E io sono assolutamente d'accordo con te gabrigabri, solo che poi, al solito nostro, sabrina ed io ci siamo lasciati un attimino trasportare...


----------



## Necsus

(DeMauro - avere) 15 CO seguito dalla prep. _da_ e infinito, dovere: _a. da lavorare_, _a. altro da fare_; con rif. a un tempo futuro: _ha da passare ancora un mese_; in alcuni usi senza la prep.: _avere gli esami_, doverli sostenere |

Ebbene sì, sono d'accordo, non è granché gradevole. Ma tant'è... 

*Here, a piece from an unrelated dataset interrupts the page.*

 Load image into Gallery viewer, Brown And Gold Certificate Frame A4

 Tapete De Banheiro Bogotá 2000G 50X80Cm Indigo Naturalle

Più nello specifico Serianni (XI,47a/b):
"_Dovere + infinito_ può assumere il valore di un vero e proprio futuro [...]. E' un valore che appare in tutta evidenza quando la perifrasi è adoperata per indicare un _«_futuro nel passato_»:_ «[...] un'amicizia che _doveva farsi_ sempre più fida e tenace» (= un'amicizia che si sarebbe fatta_)__._
In luogo di _dovere_ può adoperarsi in molti casi *avere + da* (meno comunemente _a_) *+ infinito*, che indica un'azione proiettata nel futuro.


----------



## sabrinita85

Grazie Necsus (e bentrovato! ) per i tuoi sempre interessanti contributi!


----------



## Necsus

Prego. E bentornata, Sabri...!


----------